:: Work required ::
Return, word for word, only the lines of the data below that lie between the line with "Trekpleister Pampers luiers" and the line with "Womens Sandals Summer", those two lines included.

:: Task input ::
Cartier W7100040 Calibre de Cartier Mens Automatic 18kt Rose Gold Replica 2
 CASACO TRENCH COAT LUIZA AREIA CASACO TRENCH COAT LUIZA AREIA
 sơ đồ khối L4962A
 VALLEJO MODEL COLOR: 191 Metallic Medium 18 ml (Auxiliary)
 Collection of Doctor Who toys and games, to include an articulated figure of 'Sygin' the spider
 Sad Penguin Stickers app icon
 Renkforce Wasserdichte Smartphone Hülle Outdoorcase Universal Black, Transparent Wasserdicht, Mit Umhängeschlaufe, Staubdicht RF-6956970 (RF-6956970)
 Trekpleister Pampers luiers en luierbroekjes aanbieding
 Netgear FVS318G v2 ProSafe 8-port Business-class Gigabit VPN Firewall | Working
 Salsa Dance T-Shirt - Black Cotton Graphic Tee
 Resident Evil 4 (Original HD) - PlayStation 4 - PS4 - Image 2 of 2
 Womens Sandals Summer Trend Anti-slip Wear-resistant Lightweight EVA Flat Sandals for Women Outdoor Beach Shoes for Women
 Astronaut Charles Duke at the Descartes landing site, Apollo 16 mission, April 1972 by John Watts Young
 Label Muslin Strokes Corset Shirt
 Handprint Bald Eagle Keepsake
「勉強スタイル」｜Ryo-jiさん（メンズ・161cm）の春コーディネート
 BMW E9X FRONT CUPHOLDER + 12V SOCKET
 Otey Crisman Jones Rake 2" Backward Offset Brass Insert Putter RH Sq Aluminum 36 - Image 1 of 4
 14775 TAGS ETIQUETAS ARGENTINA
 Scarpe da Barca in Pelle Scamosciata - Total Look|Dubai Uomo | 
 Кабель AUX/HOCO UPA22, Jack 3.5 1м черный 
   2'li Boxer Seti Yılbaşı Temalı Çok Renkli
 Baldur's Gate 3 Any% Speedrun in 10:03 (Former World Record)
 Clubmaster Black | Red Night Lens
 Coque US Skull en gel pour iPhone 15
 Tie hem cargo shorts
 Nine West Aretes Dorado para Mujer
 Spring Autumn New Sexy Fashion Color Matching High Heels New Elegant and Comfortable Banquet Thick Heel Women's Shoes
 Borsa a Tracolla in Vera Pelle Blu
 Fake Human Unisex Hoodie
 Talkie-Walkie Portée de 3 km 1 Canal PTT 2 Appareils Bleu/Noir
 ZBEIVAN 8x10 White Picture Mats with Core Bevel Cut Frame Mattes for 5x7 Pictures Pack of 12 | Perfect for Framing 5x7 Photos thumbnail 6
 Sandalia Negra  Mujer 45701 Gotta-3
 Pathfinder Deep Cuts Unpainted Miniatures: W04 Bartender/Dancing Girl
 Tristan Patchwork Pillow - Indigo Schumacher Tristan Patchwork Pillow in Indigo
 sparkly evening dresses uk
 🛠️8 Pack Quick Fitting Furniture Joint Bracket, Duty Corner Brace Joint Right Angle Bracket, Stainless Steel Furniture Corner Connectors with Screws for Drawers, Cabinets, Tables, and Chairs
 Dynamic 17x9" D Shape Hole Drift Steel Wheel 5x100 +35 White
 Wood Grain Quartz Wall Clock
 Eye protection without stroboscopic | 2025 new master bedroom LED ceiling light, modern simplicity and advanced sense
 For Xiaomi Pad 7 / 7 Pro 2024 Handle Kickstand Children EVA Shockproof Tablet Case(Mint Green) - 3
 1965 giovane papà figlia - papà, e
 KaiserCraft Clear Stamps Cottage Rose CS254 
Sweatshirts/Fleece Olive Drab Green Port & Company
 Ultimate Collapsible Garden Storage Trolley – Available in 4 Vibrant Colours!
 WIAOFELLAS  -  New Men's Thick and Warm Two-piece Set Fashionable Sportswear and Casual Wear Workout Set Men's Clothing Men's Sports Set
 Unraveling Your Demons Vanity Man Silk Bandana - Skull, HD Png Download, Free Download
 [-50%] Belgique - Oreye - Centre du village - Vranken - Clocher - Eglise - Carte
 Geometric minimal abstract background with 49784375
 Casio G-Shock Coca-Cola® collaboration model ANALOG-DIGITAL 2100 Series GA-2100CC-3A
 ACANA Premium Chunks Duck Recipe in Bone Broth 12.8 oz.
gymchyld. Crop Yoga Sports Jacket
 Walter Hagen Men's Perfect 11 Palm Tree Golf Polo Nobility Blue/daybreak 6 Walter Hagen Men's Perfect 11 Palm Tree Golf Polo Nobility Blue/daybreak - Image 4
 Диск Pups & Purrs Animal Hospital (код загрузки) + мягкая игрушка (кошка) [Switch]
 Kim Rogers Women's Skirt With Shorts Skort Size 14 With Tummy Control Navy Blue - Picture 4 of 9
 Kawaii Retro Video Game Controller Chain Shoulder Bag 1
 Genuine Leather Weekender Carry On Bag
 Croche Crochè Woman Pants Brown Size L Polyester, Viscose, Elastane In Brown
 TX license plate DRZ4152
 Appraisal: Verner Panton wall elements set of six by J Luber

:: Written reply ::
 Trekpleister Pampers luiers en luierbroekjes aanbieding
 Netgear FVS318G v2 ProSafe 8-port Business-class Gigabit VPN Firewall | Working
 Salsa Dance T-Shirt - Black Cotton Graphic Tee
 Resident Evil 4 (Original HD) - PlayStation 4 - PS4 - Image 2 of 2
 Womens Sandals Summer Trend Anti-slip Wear-resistant Lightweight EVA Flat Sandals for Women Outdoor Beach Shoes for Women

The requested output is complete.